Em algumas ocasiões, esta cor pode ser mais escura do que o normal. Este fenómeno foi verificado em 1884 pelo astrónomo francês Camille Flammarion, que sugeriu uma ligação com a erupção do vulcão Krakatoa, na Indonésia, no ano anterior.
Esta explosão, uma das mais fortes já registadas, lançou uma volumosa quantidade de poeira para o céu.
Esta relação entre os fenómenos foi recentemente demonstrada a partir da erupção do vulcão filipino Pinatubo em 1991, explica à AFP Sébastien Guillet, da Universidade de Genebra, principal autor do estudo publicado na passada quarta-feira (5) na revista Nature.
Paleoclimatologista apaixonado por documentos e registos da Idade Média, Guillet sabia que os monges registavam fielmente os fenómenos celestes, como os eclipses lunares.
"Os monges deram atenção especial à sua cor, por causa do Apocalipse, que menciona uma Lua vermelha sangrenta", explica.

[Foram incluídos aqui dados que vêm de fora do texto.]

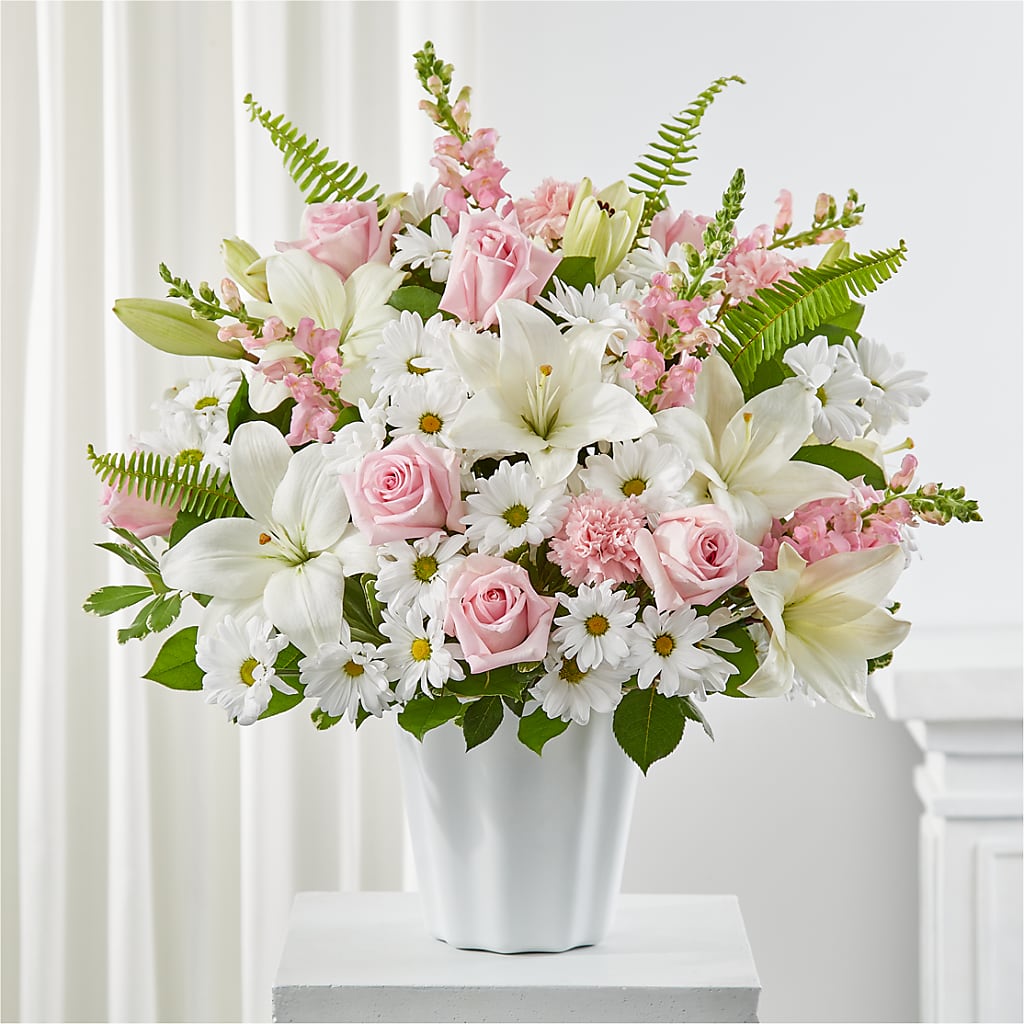 Soft Touch Tabletop Basket – MOREE'S FLORIST & MORE, Columbia MS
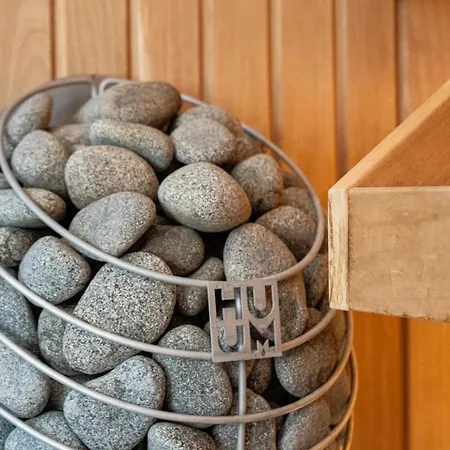 2br 95m2 In Old Town With Free Parking And Sauna! Apartamento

"Eu estava a ouvir o álbum 'Dark Side of the Moon' do Pink Floyd quando percebi que os eclipses da lua mais escuros ocorrem cerca de um ano após grandes erupções vulcânicas", diz.
"Assustador"
Comprovadamente, os séculos XII e XIII registaram uma intensa atividade vulcânica, como a erupção do Salamas, na Indonésia, em 1257.
Estes fenómenos deixaram rasto nas regiões congeladas à medida que a análise de amostras cilíndricas de gelo — técnica fundamental para decifrar o clima há centenas ou milhares de anos —, permitiu detectar partículas de cinzas vulcânicas.

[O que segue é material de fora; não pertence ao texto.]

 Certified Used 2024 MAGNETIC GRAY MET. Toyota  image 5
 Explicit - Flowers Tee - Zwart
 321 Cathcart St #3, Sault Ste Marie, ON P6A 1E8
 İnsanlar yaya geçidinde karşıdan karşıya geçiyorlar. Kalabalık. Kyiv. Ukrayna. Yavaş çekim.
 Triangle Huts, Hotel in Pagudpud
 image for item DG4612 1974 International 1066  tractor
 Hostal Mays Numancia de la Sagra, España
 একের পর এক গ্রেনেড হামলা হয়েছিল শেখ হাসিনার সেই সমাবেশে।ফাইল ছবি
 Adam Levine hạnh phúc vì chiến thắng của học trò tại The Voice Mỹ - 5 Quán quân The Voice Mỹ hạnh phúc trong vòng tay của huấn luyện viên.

Mas esta cronologia foi aproximada, exceto no caso da erupção do Samalas, que foi um grande evento local.
Os registos dos religiosos, não só na Europa, como também no Médio Oriente e na Ásia, entretanto, ajudam a refinar este calendário.
Dos 51 eclipses totais da lua registados entre 1100 e 1300, as crônicas mencionam pelo menos cinco em que o satélite natural da Terra apareceu particularmente escuro.

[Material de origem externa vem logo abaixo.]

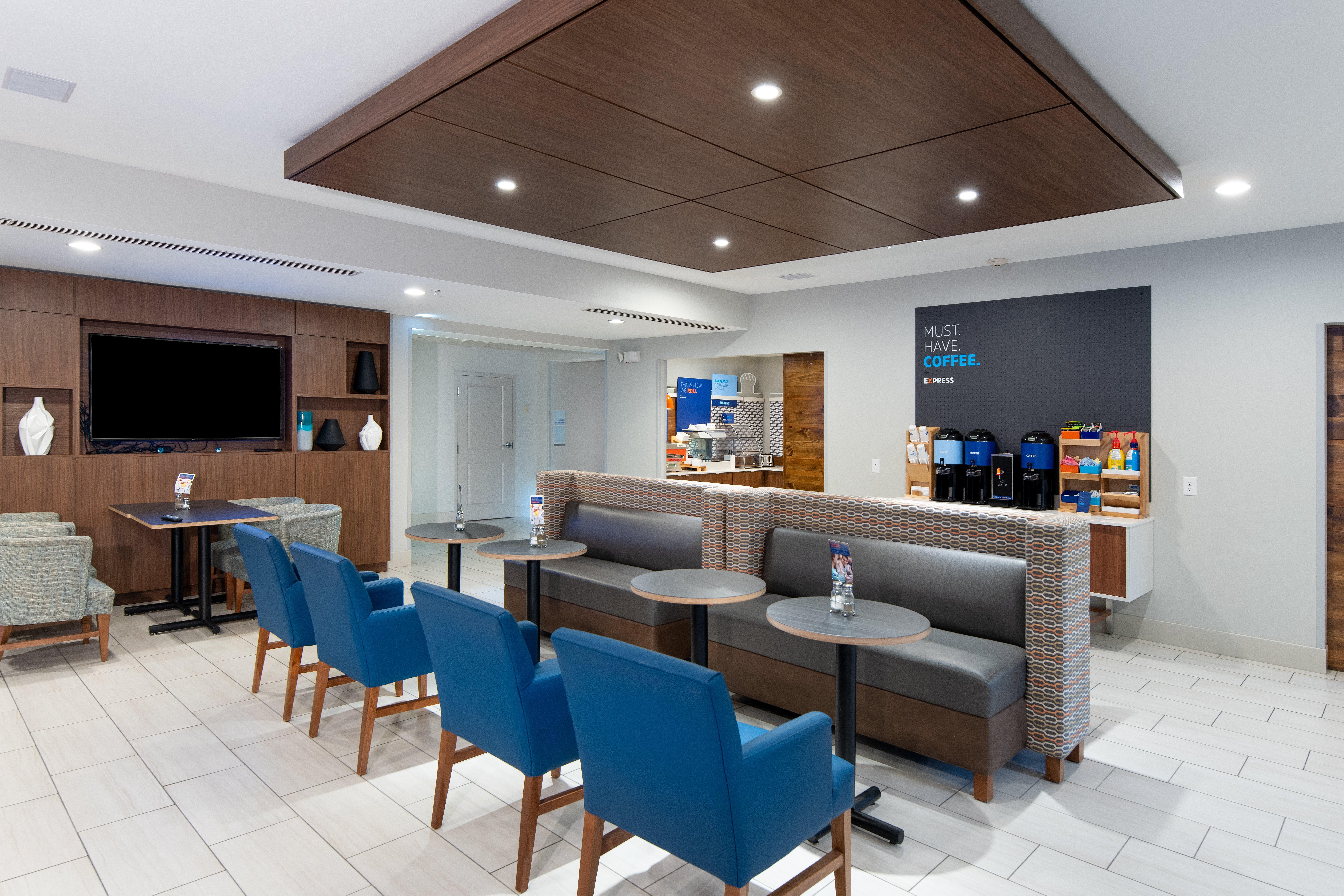 Holiday Inn Express Hotel & Suites Dallas South - Desoto By Ihg Exterior photo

"Foi realmente assustador", escreveu um monge japonês no dia 2 de dezembro de 1229.
Os cientistas então compararam estes dados, escritos numa data específica, com as informações obtidas através dos grandes círculos de gelo que extraem dos icebergues ou das zonas polares.
Esta combinação de fontes possibilita detalhar datas de erupções vulcânicas que os monges não tomavam conhecimento, pois ocorriam em locais muito afastados.
"Este método inovador foi capaz de identificar o ano, às vezes até o mês, da erupção", garante Anne Lawrence-Mathers, historiadora da Universidade de Reading, no Reino Unido, num comentário anexado ao estudo.
"Os monges viram uma Lua escura porque estava obstruída por aerossóis lançados na estratosfera", com mais de 10 km de altura, segundo Guillet.
Apenas as erupções mais poderosas são capazes de gerar altas colunas de fumaça e cinzas.
Pequena era do gelo
De acordo o paleoclimatologista, em 200 anos foram registadas seis erupções de grandes proporções, o que é excepcional, diz.
Estas enormes emissões de poeira podem ter contribuído para a "pequena era do gelo" que afetou partes do Hemisfério Norte entre os séculos XIII e XIX.
"Grandes erupções tropicais podem causar um resfriamento global de aproximadamente um grau em poucos anos", diz o geomorfólogo Markus Stoffel, um dos autores do estudo.
A análise dos anéis dos troncos das árvores — um indicador das mudanças de temperatura — confirmou as temporadas de frio, que acabaram por impactar também as colheitas.
No entanto, "ainda não existe nenhum consenso entre os cientistas sobre as causas desta era do gelo", diz o especialista, acrescentando que a humanidade ainda tem "muito para aprender com estas erupções".